### Problem:
Use the entries below and reproduce exactly the lines from the one containing "18K Pure Gold 2 Color Seed Ring" down to the one containing "Ruched Bodycon Deep", both of them included.

### Source data:

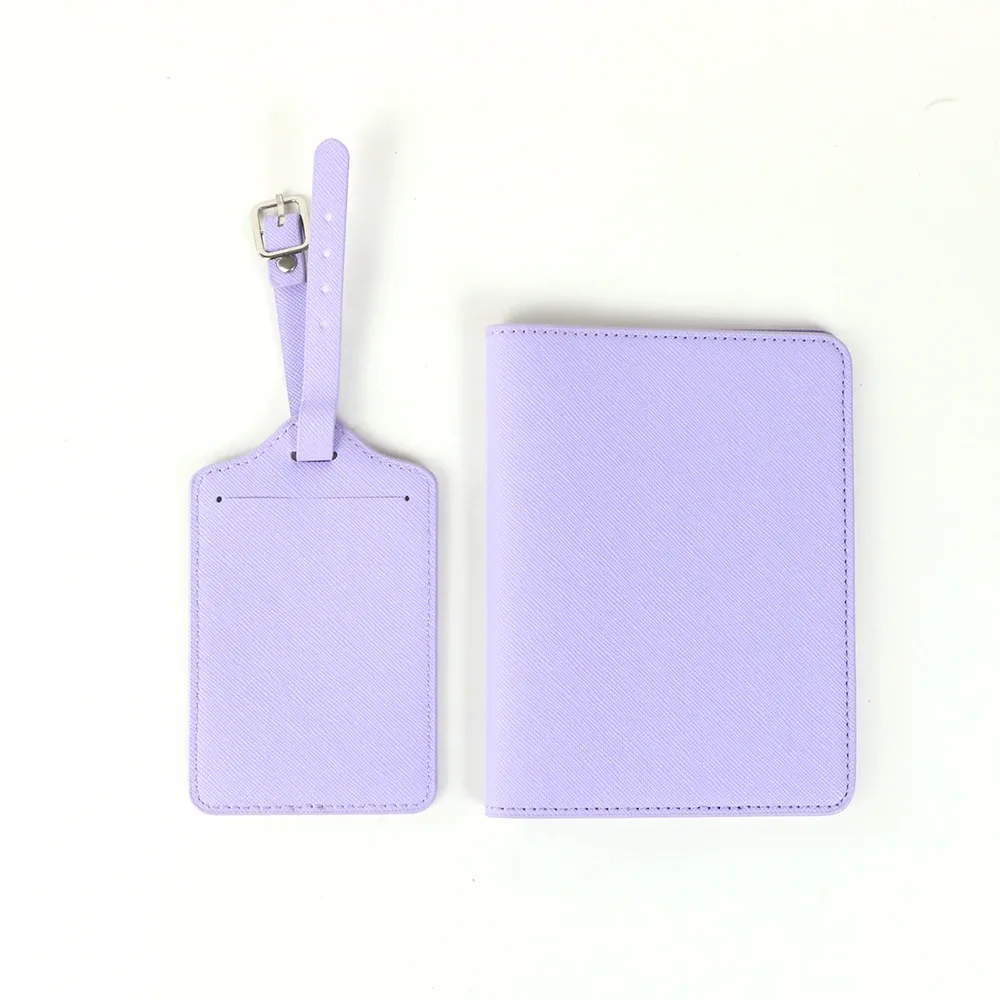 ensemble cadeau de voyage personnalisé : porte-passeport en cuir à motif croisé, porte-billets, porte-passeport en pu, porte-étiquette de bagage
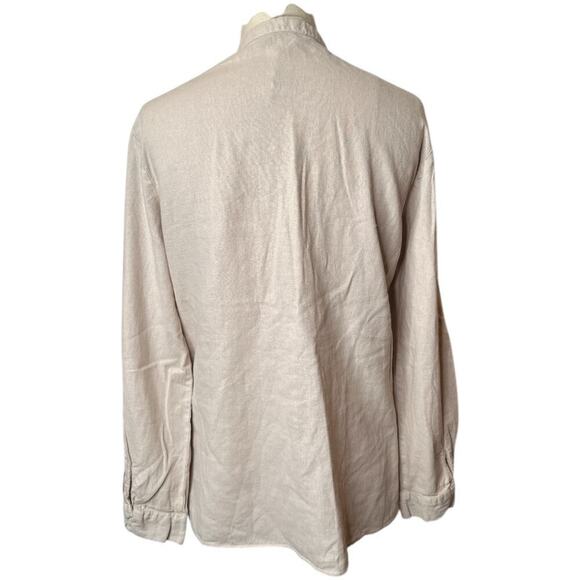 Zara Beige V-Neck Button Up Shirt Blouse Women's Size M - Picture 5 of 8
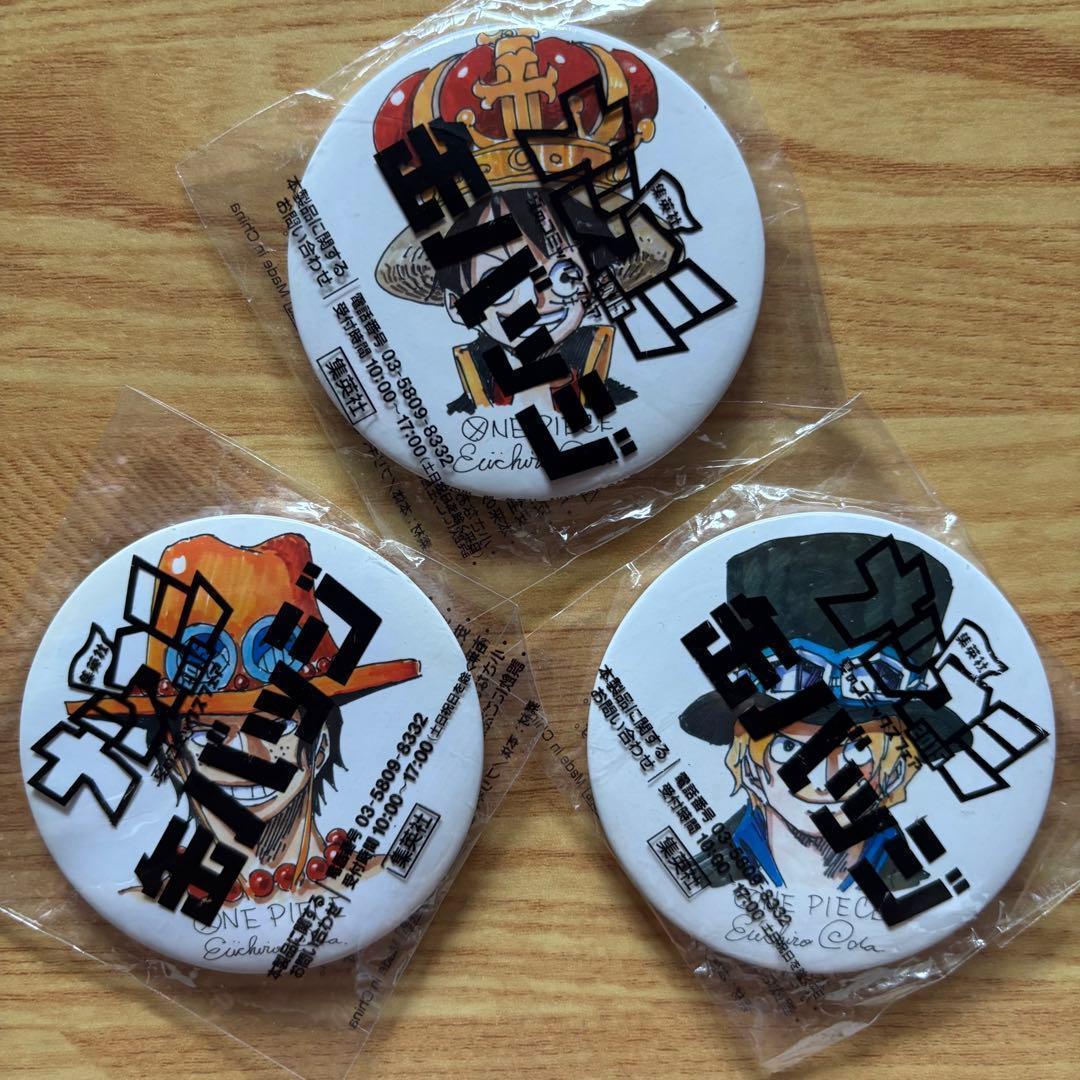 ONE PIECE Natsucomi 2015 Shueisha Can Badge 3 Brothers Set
--
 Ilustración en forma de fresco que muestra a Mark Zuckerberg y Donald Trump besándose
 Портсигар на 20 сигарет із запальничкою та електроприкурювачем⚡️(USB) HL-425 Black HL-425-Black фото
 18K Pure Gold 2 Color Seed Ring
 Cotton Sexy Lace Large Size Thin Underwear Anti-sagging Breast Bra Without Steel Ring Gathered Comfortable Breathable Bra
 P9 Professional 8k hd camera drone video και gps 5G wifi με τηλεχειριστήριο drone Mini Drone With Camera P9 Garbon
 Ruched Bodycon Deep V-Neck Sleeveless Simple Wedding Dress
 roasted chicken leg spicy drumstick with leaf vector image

### Answer for this exercise:
 18K Pure Gold 2 Color Seed Ring
 Cotton Sexy Lace Large Size Thin Underwear Anti-sagging Breast Bra Without Steel Ring Gathered Comfortable Breathable Bra
 P9 Professional 8k hd camera drone video και gps 5G wifi με τηλεχειριστήριο drone Mini Drone With Camera P9 Garbon
 Ruched Bodycon Deep V-Neck Sleeveless Simple Wedding Dress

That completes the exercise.